- [THE DATA]
=======

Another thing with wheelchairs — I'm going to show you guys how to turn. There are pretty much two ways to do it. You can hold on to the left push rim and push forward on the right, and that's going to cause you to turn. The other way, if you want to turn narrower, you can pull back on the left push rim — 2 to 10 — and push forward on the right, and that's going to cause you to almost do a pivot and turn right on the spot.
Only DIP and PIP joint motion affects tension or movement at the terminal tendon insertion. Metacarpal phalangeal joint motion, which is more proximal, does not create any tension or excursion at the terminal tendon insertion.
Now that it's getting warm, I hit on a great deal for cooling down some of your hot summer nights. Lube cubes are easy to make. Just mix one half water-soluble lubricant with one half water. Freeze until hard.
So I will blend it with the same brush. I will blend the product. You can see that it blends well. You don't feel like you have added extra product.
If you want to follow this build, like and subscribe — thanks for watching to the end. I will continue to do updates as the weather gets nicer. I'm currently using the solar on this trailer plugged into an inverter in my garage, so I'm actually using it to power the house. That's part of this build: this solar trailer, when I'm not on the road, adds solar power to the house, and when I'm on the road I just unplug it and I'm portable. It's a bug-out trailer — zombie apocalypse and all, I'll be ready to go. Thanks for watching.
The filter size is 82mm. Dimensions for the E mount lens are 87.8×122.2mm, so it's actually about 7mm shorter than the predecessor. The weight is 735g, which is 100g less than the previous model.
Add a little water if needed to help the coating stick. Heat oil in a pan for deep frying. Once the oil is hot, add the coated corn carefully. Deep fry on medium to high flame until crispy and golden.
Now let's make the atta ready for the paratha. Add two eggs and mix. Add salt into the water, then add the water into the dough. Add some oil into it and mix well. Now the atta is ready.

=======

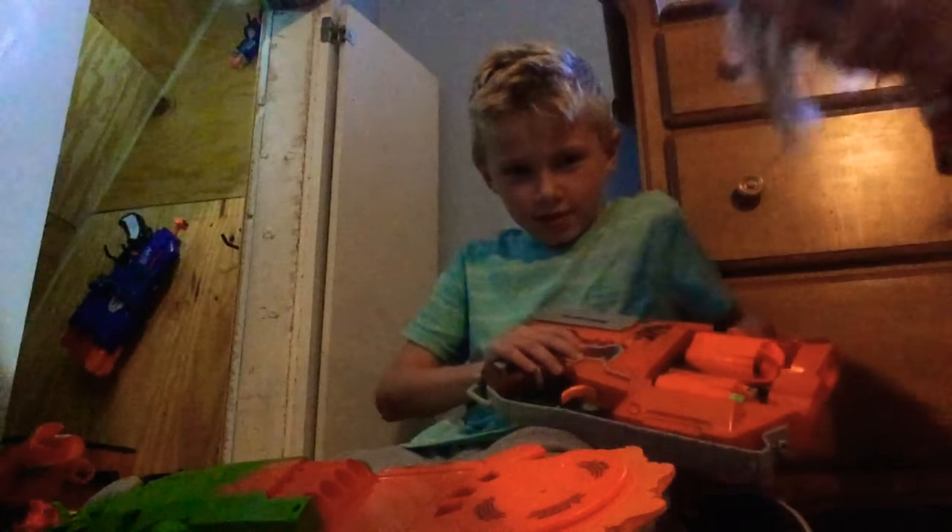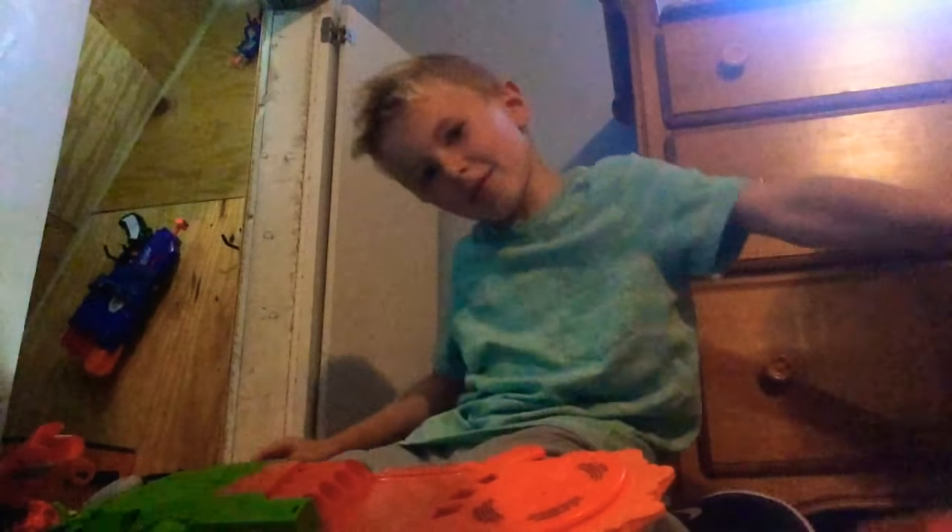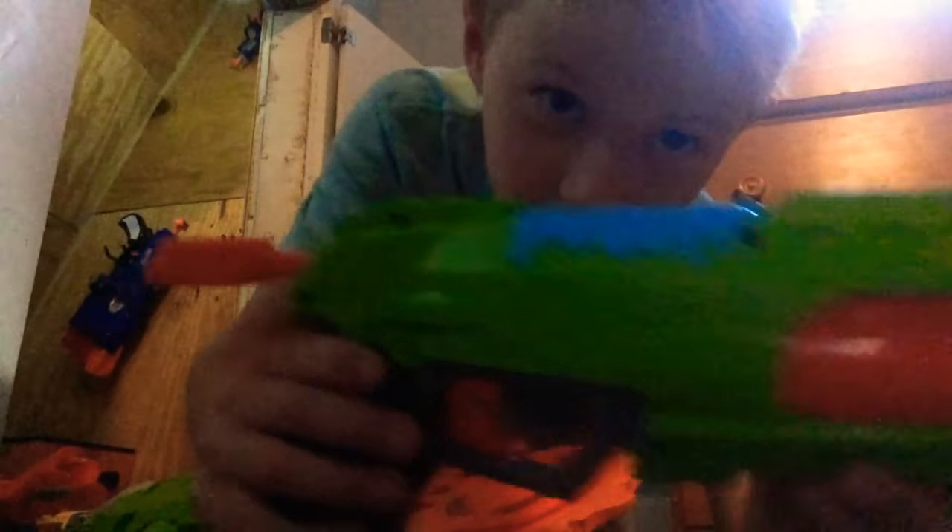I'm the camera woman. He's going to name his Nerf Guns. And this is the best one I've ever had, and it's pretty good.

=======

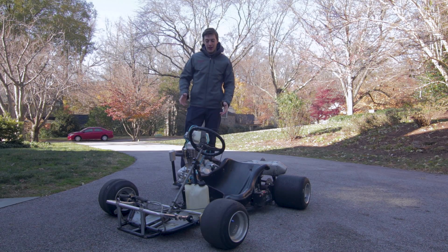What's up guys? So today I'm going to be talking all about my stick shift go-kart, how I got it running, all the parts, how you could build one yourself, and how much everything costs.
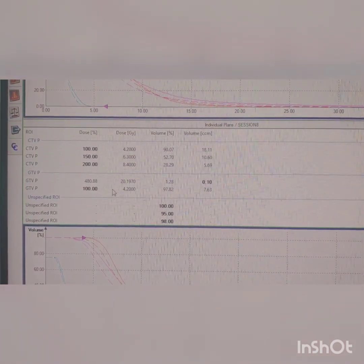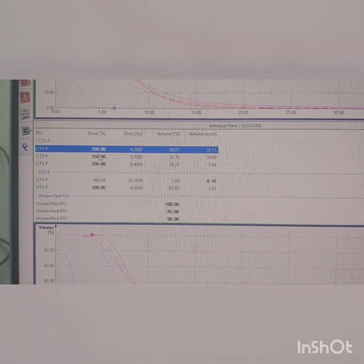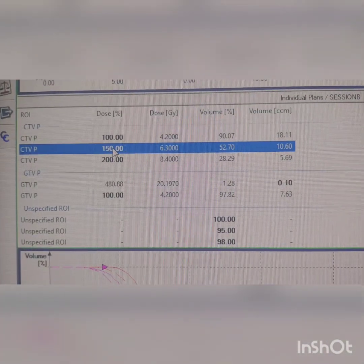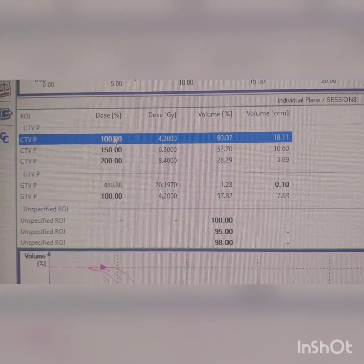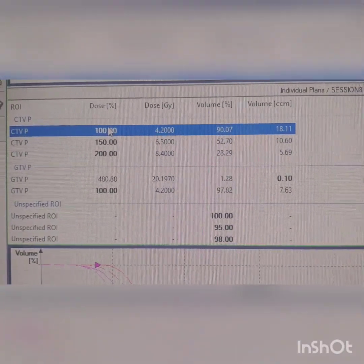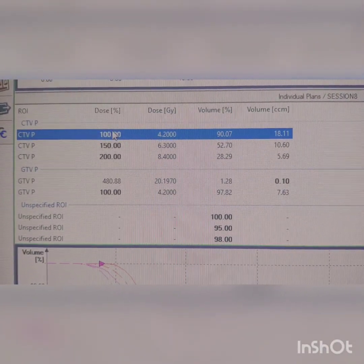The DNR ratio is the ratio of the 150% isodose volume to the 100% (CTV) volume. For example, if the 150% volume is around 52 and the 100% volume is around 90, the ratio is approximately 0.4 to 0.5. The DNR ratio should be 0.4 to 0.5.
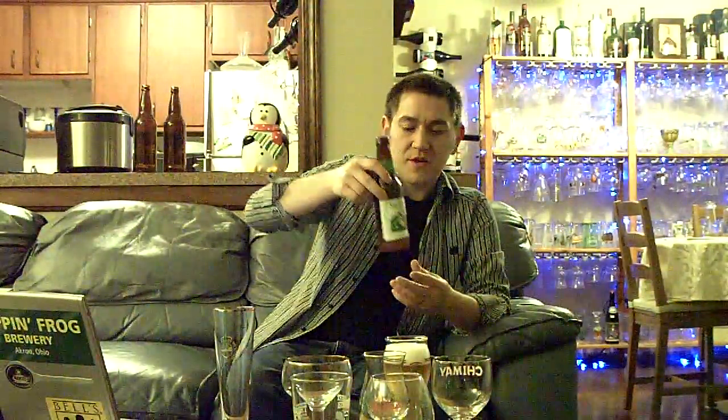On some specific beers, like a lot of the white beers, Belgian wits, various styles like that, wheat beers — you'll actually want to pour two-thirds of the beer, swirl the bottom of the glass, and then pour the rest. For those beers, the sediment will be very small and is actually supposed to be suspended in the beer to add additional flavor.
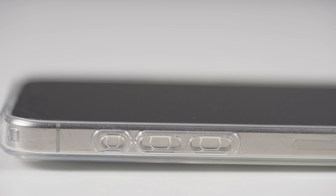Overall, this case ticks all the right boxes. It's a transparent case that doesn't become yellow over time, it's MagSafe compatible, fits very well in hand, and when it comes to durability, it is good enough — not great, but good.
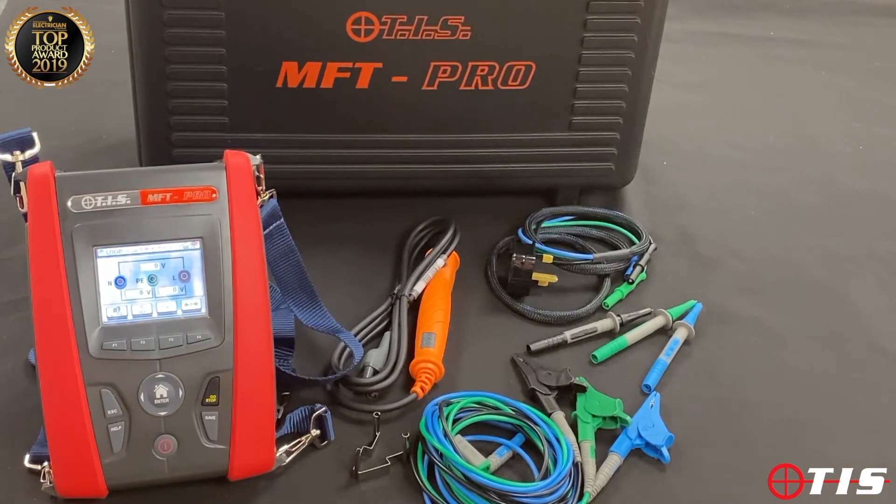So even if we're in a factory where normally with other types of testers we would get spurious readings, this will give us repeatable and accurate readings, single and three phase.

=======

Show, from the listing above, every line holding the word "until".

- [TASK SOLUTION]
Now that it's getting warm, I hit on a great deal for cooling down some of your hot summer nights. Lube cubes are easy to make. Just mix one half water-soluble lubricant with one half water. Freeze until hard.
Add a little water if needed to help the coating stick. Heat oil in a pan for deep frying. Once the oil is hot, add the coated corn carefully. Deep fry on medium to high flame until crispy and golden.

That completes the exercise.